# INFORMATION GIVEN
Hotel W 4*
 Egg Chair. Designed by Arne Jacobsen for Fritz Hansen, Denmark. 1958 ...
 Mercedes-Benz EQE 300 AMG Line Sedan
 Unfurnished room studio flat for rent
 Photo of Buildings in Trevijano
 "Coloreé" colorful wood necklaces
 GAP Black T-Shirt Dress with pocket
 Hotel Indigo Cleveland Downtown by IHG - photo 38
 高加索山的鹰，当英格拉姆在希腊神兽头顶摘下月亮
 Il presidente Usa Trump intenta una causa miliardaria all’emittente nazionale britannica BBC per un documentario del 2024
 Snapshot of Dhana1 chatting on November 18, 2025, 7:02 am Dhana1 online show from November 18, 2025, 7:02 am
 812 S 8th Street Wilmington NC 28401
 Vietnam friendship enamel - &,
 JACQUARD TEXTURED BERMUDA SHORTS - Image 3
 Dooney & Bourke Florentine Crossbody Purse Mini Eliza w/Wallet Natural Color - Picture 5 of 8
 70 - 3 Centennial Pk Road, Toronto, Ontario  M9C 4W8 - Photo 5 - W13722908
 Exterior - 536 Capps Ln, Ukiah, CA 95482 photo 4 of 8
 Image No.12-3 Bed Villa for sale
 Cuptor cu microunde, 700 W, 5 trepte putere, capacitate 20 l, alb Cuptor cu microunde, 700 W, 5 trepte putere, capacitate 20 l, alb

# ASSIGNMENT
Would you output every line of the listing exactly as given?

# RESPONSE AREA
Hotel W 4*
 Egg Chair. Designed by Arne Jacobsen for Fritz Hansen, Denmark. 1958 ...
 Mercedes-Benz EQE 300 AMG Line Sedan
 Unfurnished room studio flat for rent
 Photo of Buildings in Trevijano
 "Coloreé" colorful wood necklaces
 GAP Black T-Shirt Dress with pocket
 Hotel Indigo Cleveland Downtown by IHG - photo 38
 高加索山的鹰，当英格拉姆在希腊神兽头顶摘下月亮
 Il presidente Usa Trump intenta una causa miliardaria all’emittente nazionale britannica BBC per un documentario del 2024
 Snapshot of Dhana1 chatting on November 18, 2025, 7:02 am Dhana1 online show from November 18, 2025, 7:02 am
 812 S 8th Street Wilmington NC 28401
 Vietnam friendship enamel - &,
 JACQUARD TEXTURED BERMUDA SHORTS - Image 3
 Dooney & Bourke Florentine Crossbody Purse Mini Eliza w/Wallet Natural Color - Picture 5 of 8
 70 - 3 Centennial Pk Road, Toronto, Ontario  M9C 4W8 - Photo 5 - W13722908
 Exterior - 536 Capps Ln, Ukiah, CA 95482 photo 4 of 8
 Image No.12-3 Bed Villa for sale
 Cuptor cu microunde, 700 W, 5 trepte putere, capacitate 20 l, alb Cuptor cu microunde, 700 W, 5 trepte putere, capacitate 20 l, alb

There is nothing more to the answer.